The war was over! It was a time of elation for all coloreds. Young people attended integrated schools and watched as, for the first time, men who weren’t all white got elected to state government. Even interracial marriage was legal. It was America at its best.
But following the disputed presidential election of 1876 everything changed, enlightenment was quashed, as all Union troops stationed across the south were withdrawn. Each state would now control its own future.
Homer was now Mr. Plessy, a tall, handsome, successful cobbler. He became an activist, working to protect the equality promised by Abe Lincoln. But Louisiana was joining other southern states in passing laws to return their white citizens to what “God-intended” …a racially superior status.

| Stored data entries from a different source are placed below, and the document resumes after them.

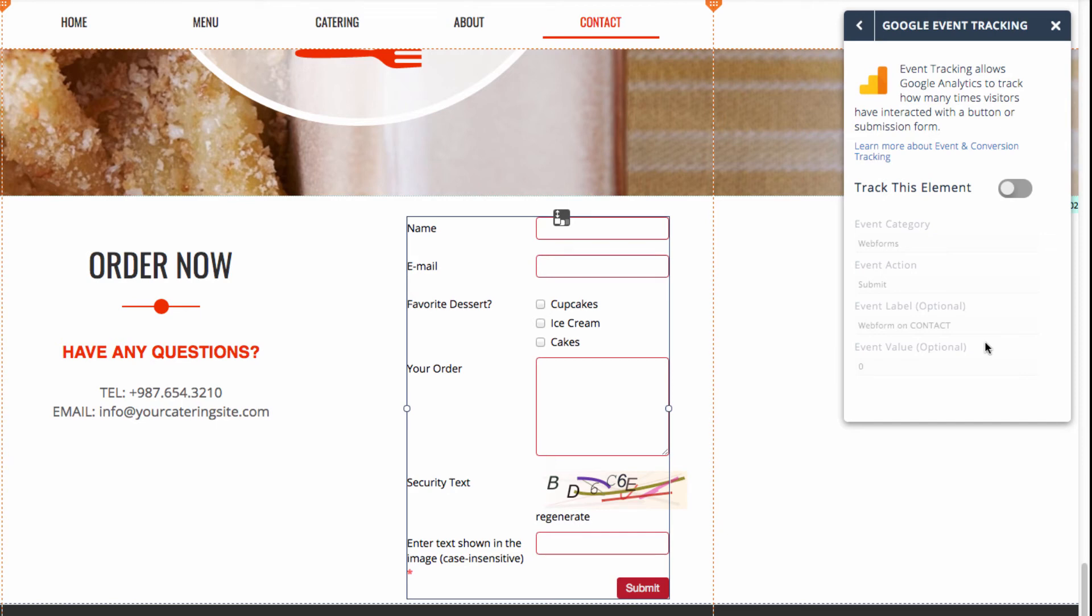And that was just a brief look at the web form inside the website.com web editor. If you have more questions, stay tuned to website.com. Thanks.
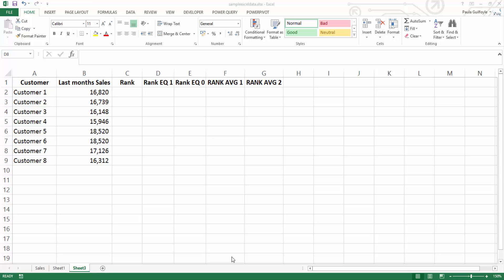In this video, we're going to look at the rank functions that are available in Excel. In Excel 2010, there's one rank function available. And in Excel 2013, that rank function has been replaced by two other rank functions. So we'll have a look at all three rank functions in this video.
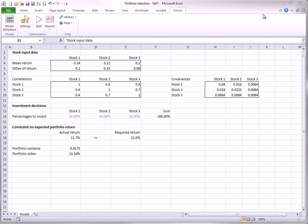As discussed in companion videos in this guided tour series, Evolver can optimize linear programming models with its new LP algorithm, and it can solve specialized types of optimization models with its non-recipe solving methods. This video will illustrate two other types of models that Evolver can solve: those with smooth nonlinearities and those with non-smooth features.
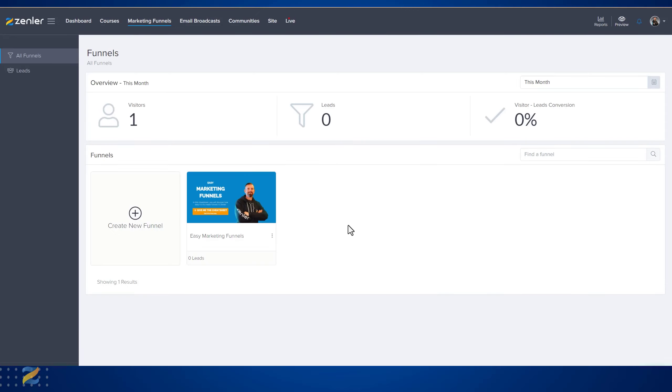This shows a funnel already created. So what are funnels? Marketing funnels are used to generate leads and get people to sign up on your site, to opt in and receive freebies from you. This is a way of engaging your audience before they've purchased from you, warming them up for the sale.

The Eastern Louisiana Railroad in Louisiana enacted a ‘Separate Cars’ rule requiring separate rail cars for all people of color. Homer joined a Citizen’s Committee of eighteen local Creole men to fight the rule. In June 1892, Homer and the Committee decided to test it. Homer purchased a white-only First-Class train ticket and boarded in New Orleans. As the train was leaving the station, Homer stood and announced he wasn’t white. The train was stopped, and Homer was ejected.
He filed a lawsuit against the owner of the railroad, Mr. Ferguson. Homer lost in the lower courts. The court said this was a Louisiana issue and Federal law didn’t apply. In 1896 Plessy vs. Ferguson reached the Supreme Court.
The Court decided by a 7-1 vote that the 13th and 14th Amendments did not apply to matters wholly within a state. Integration wasn’t necessary. “Separate but Equal” was all that was required.
Following that onerous decision, the South returned to its policies of racial subjugation…everything was separate, rarely equal. Homer paid a $25 fine for breaking the law and with his wife, retired to a quiet life.
It would be the 1950s, before an ‘activist’ Supreme Court, led by former California Governor, Earl Warren, would decide in Brown vs. The Topeka, Kansas Board of Education that state laws relating to racial separation were illegal.
This landmark decision launched a plethora of actions to achieve racial equality in our country. It is tragic that it remains a goal we have not yet achieved.